Article Text
Abstract
Background RSV is a ubiquitous pathogen causing severe disease in children and the elderly. There is as yet no licensed vaccine. SynGEM, a novel intranasal subunit vaccine based on the RSV F glycoprotein linked to an immunostimulatory bacterium-like-particle carrier, was previously shown in animal models to elicit durable immune responses both locally (nasal secretory IgA) and systemically (serum neutralising antibodies). Induction of mucosal as well as systemic antibodies may enhance protection and reduce transmission. This was the first-in-human phase 1 study of SynGEM in healthy volunteers.
Methods MUC-SynGEM-001 was a randomised, placebo-controlled, phase 1 trial that enrolled healthy adults aged 18–49 years to evaluate the safety and tolerability of SynGEM. Forty-eight participants were randomly assigned to either the low-dose (140 µg F-protein-FP/2 mg BLPs) or high-dose group (350 µg F-protein-FP/5 mg BLPs) and received the vaccine or placebo in a 3:1 ratio. Primary safety outcomes included local or systemic, solicited or unsolicited adverse events (AE) within 28 days and incidence of vaccine-related serious adverse events (SAE) within 57 and 180 days post-vaccination. Antibodies were measured at baseline, day 29 and day 57.
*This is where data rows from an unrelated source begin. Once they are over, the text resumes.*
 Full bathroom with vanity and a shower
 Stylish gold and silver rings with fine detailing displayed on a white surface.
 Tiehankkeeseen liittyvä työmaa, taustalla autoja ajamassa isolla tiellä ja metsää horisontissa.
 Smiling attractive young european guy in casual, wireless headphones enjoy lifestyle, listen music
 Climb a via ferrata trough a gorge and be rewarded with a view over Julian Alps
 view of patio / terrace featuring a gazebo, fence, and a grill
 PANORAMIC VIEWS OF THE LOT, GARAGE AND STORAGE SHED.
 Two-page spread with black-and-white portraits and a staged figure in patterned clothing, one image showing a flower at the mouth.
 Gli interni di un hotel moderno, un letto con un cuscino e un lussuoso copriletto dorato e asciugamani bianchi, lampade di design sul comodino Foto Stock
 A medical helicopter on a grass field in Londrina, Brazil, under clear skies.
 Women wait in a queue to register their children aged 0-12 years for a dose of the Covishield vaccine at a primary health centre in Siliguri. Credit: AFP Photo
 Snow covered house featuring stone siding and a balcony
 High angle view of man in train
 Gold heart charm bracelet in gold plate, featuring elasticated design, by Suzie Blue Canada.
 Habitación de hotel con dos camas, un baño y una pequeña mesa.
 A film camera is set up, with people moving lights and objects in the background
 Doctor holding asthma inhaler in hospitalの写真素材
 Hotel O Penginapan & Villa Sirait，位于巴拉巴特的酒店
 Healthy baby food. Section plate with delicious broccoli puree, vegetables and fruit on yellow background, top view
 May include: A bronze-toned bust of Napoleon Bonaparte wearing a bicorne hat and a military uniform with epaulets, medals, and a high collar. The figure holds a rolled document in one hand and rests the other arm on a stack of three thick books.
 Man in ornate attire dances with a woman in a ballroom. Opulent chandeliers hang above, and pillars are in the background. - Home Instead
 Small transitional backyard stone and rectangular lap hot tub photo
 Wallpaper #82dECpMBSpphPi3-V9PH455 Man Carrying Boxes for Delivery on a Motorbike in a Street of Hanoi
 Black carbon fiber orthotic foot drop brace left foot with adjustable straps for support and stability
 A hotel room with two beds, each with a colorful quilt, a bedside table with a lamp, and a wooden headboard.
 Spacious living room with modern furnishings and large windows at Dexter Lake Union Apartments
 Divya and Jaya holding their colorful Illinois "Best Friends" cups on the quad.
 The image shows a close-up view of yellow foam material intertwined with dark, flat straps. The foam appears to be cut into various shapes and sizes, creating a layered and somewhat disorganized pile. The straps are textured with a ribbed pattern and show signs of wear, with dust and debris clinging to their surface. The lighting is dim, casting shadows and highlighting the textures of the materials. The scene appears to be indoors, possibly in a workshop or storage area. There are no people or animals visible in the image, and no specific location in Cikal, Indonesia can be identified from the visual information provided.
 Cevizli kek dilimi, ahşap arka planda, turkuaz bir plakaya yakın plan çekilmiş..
Results Overall incidence of solicited local (83.3% vs 83.3% vs 83.3%) and systemic (88.9% vs 72.2% vs 75.0%) AEs was similar between low-dose, high-dose and placebo groups. Most were of mild severity and only one was severe in a subject subsequently diagnosed with PCR-confirmed influenza A at the time of vaccination. The most common local side effects included nasal discomfort, rhinorrhea and loss of smell whereas fatigue, headache and myalgia were the most frequent systemic effects. Unsolicited AEs were primarily respiratory and reported by 33.3%, 55.6% and 33.3% of participants in the three respective groups. One SAE possibly related to the vaccine was recorded: a high-dose group participant reported persistent pulsatile tinnitus arising after the prime vaccination. Assessment of immunogenicity revealed significant dose-dependent increases in serum and nasal antibodies.
Conclusion SynGEM was generally well tolerated and the data showed that both local and systemic antibodies could be induced by intranasal delivery. However, one SAE was noted and further investigation as to whether intranasal subunit vaccination could be causal is required.